Despite the early hour, about 6:00  AM, the scene was spectacular. Suddenly, I sensed movement beside me and turned to see Kathy’s mom waving her arm, smiling, and trying to form words. I think the treasures of those bright fields lit up the day for her filling her with rich memories reminding her of early mornings on the farm.

R. S. Thomas reminds us we live in each moment, not in dim futures and idealized pasts. There is brightness in moments when we realize that even when something cannot be spoken and words fail us, its essence is communicated and shines like a sun illuminating each field we pas in life.

I have seen the sun break through
to illuminate a small field
for a while, and gone my way
and forgotten it. But that was the
pearl of great price, the one field that had
treasure in it. I realise now
that I must give all that I have
to possess it. Life is not hurrying

on to a receding future, nor hankering after
an imagined past. It is the turning
aside like Moses to the miracle
of the lit bush, to a brightness
that seemed as transitory as your youth
once, but is the eternity that awaits you.

Travelling at Home

Wendell Berry is one of my favourite writers. He writes fiction, non-fiction, and poetry. There is an honesty and sparseness in his writing that speaks to me deeply. He bares his soul in ways that poets should. Even in the country we know by heart it is hard to go the same way twice. It is more likely impossible, but I would give Mr. Berry the benefit of the doubt and believe that is likely what he meant as he suggests we attempt to make intent with what happens by accident.

I chose the forming of the person, more specifically the teacher, as a central theme in my dissertation. Actually, the theme chose me. It was unintentional and strictly by accident. As I read and write, I find myself drawn to the topic and new thinking emerging where any word can be the bud of new direction.

Judith Butler suggests becoming is the vehicle forming each particular identity and subjectivity against a cultural backdrop which is always changing itself. Even when we name something, it is traversing the land. We can never plan our becoming even in a country we think we know by heart.

Even in a country you know by heart
it’s hard to go the same way twice.
The life of the going changes.
The chances change and make it a new way.
Any tree or stone or bird
can be the bud of a new direction. The
natural correction is to make intent
of accident. To get back before dark
is the art of going.

Radishes

As we get older, what seemed mundane and work-like in youth holds different meaning for us. I think of this as maturing. My mother told us to go get radishes out of the garden and a variety of other vegetables such as carrots, peas, beans, etc.

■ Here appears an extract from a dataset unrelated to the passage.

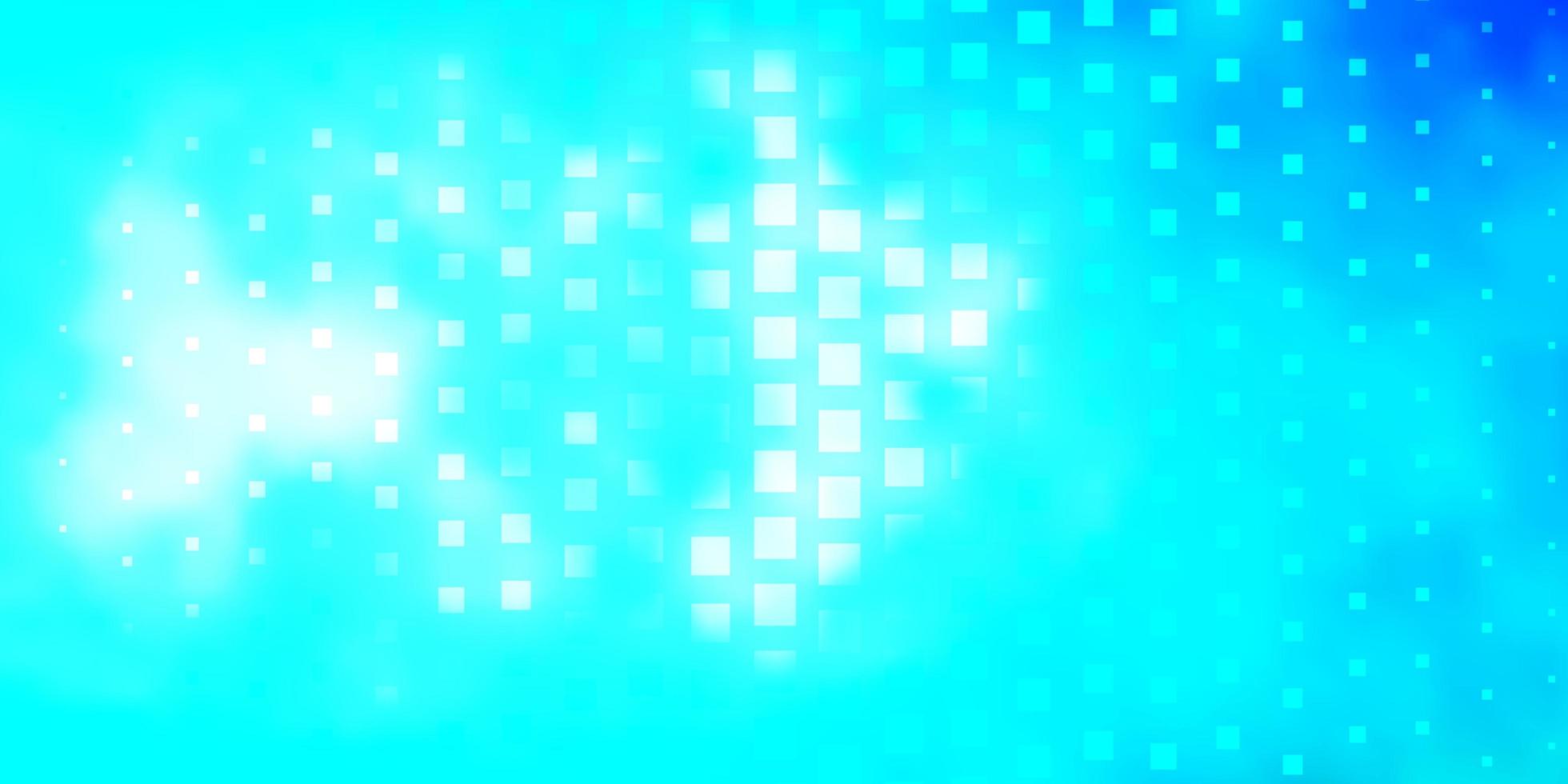 diseño de vector azul claro con líneas rectángulos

What seemed unimportant and even beneath the ordinary gains fresh meaning. It is not only the vegetables, fruits, and flowers that were fresh. Their meaning becomes fresh. Sometimes, the chores were precursors to something more enjoyable. After shelling peas, we biked to the Peace River and rode down hill at break-neck speed.

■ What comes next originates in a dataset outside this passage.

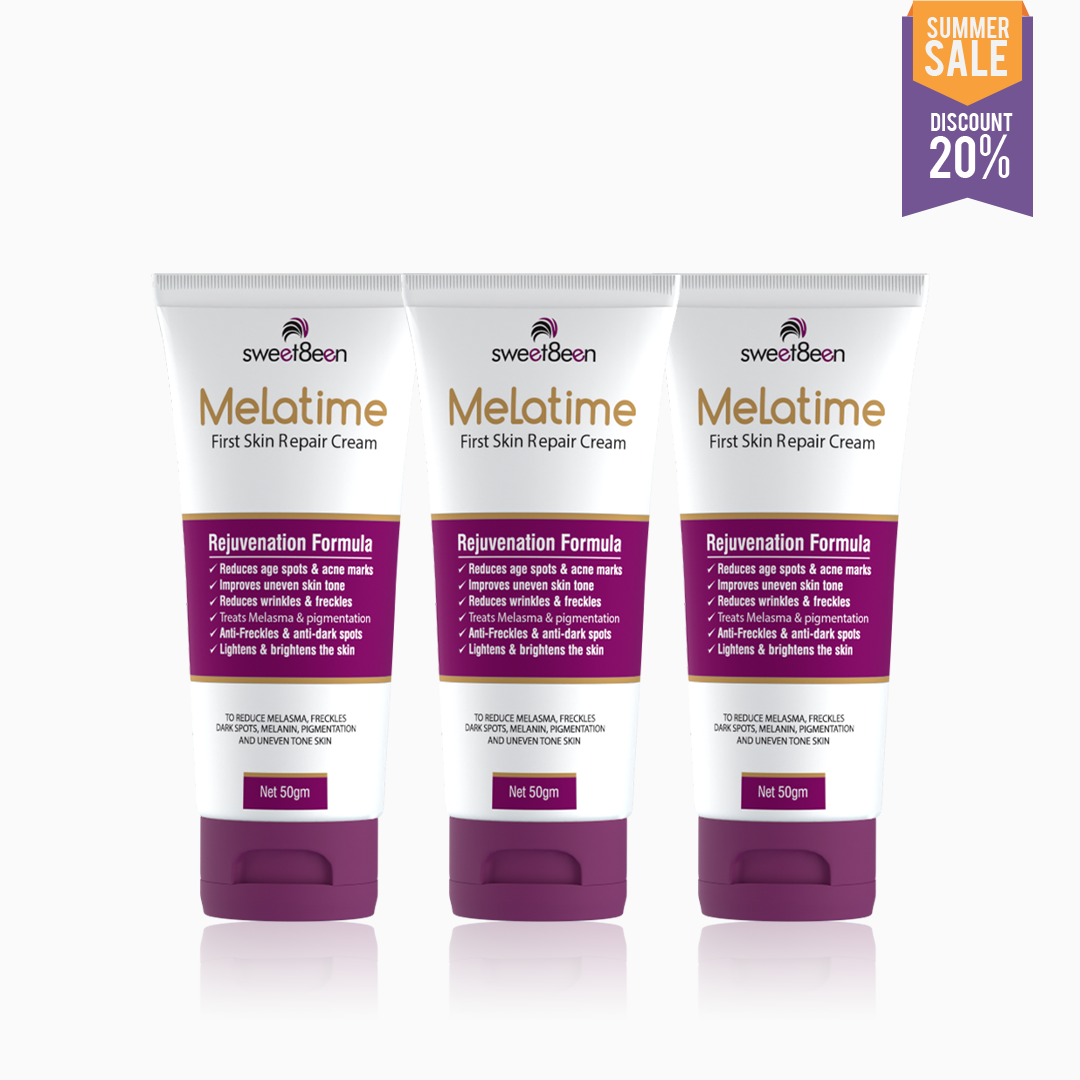 MelaTime Anti Pigmentation Cream-Pack Of 3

Susan Auld’s poem brought up the memories of living at a time where box stores were not just a short ride away in the car. We depended on the produce picked from the garden, fresh eggs from a local farmer, and sometimes fresh poultry raised in a makeshift coop in the backyard. We enjoyed Nature’s abundance and freshness. Today, the memories are fresh as they take on new meaning.

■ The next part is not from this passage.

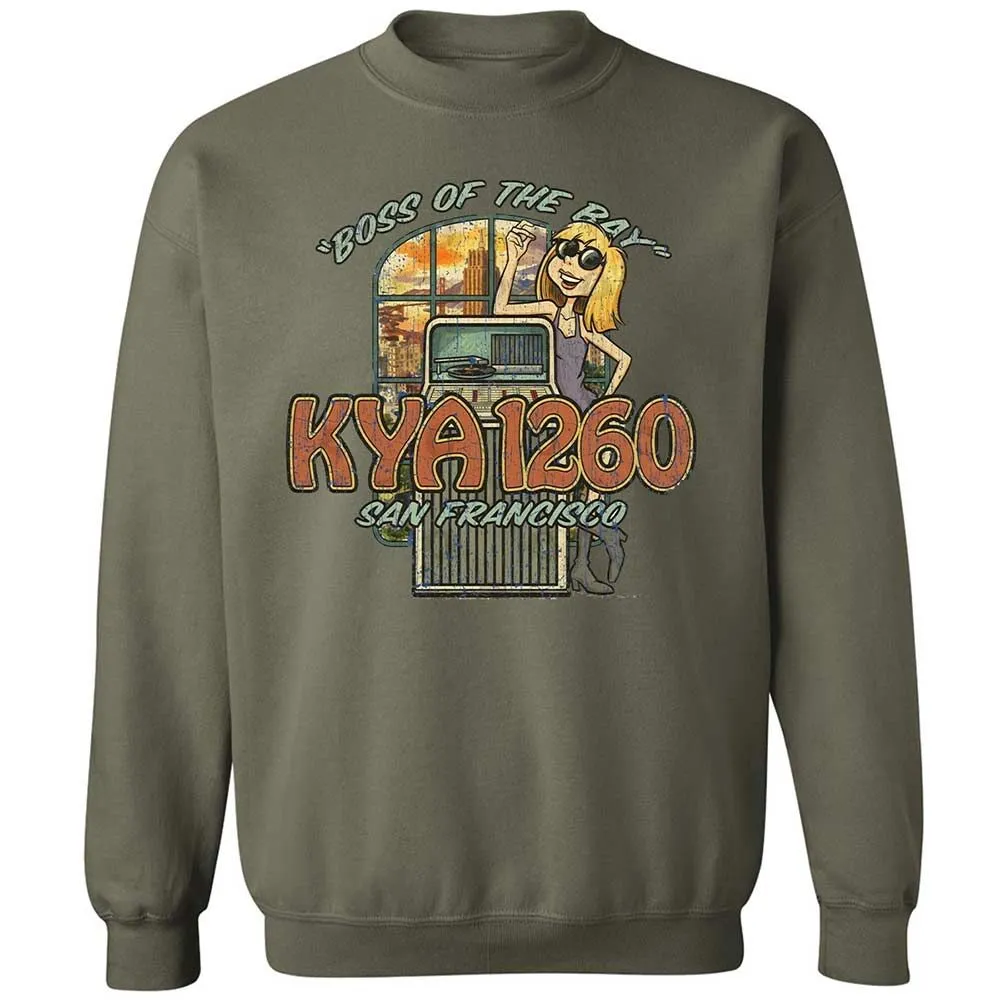 Classic Unisex Sweatshirt - QD8LC2PA - Military Green - 21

Pull up some radishes for dinner, my mother said.

They grow next to the house under your bedroom window.

 Afraid I’d pull up something other than a radish

I enlisted a sister, a brother

and we knelt in the dirt

under the screened window

 looking

 at what we thought

to be a radish.

 Its leaves so new so green

our hands so hesitant   so unsure

 we reached and pulled—

Earth clung

to our fingers

to the fleshy roots

quivering in the summer sun

 we pulled up radish after radish for dinner

handing them, a bouquet, to our mother.

She no longer cares for radishes.

My sister, brother and I tend our own gardens.

But, I wish everyday

to kneel again

under that window

feeling new and green

hesitant and unsure.

Words

I read Emmanuel Levinas today. He suggested we experience phenomena in sensual immediacy. There is no recapturing the full essence in words. Humans are blessed with words which transform what we experience into something less or something other than its essence.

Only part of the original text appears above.